Read more about food sources of vitamins and minerals for your dog.
If you’re ready to start feeding your dog a nutritious raw food diet, we’ve got you covered. Click here to grab Dogs Naturally’s Raw Feeding Guide. It’s free to you to use and refer back to whenever you need!
Does Your Dog Have Fleas?
If you suspect your dog might have fleas despite your best prevention efforts, here’s how you can find out:
Stand your dog on moistened paper towels or a damp white bath towel.
If little specks of dirt fall onto the towels and turn red or brown, your dog has fleas.
Treating Your Dog For Fleas
During an active flea attack, wash your dog with citrus Castile soap each week followed by a final rinse with ACV. For this rinse, use one part vinegar to ten parts water.
Keeping your dog’s coat clean and using a flea comb is essential to natural flea prevention.
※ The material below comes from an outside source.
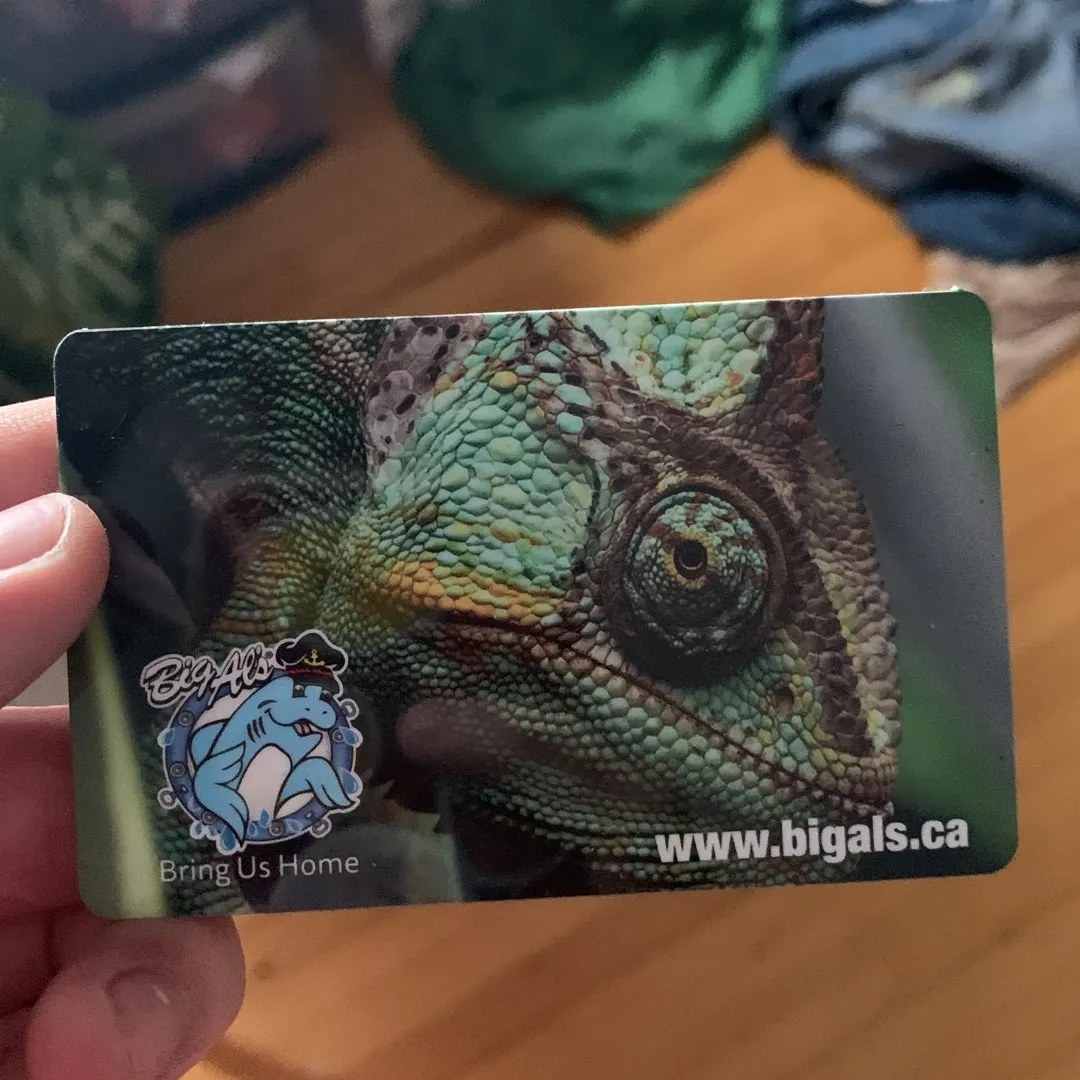 $20 Big Al’s Gift Card photo 1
Comb from top of head to the underside of the tail, neck, underbelly and legs.
Once a week, wash all of your dog’s bedding in hot water with a natural, unscented detergent. If your dog sleeps with you, make sure you throw your own bedding in the washer once a week too.
Each week vaccuum your carpets and floors, paying special attention to any places your dog hangs out (along with his little flea companions). An extra diatomaceous earth carpet treatment or two can also help keep fleas from multiplying.
Because the flea’s entire life cycle, from eggs to larvae to pupae to adults, can be as long as several months, you’ll need to keep repeating these steps to make sure the flea infestation is completely gone.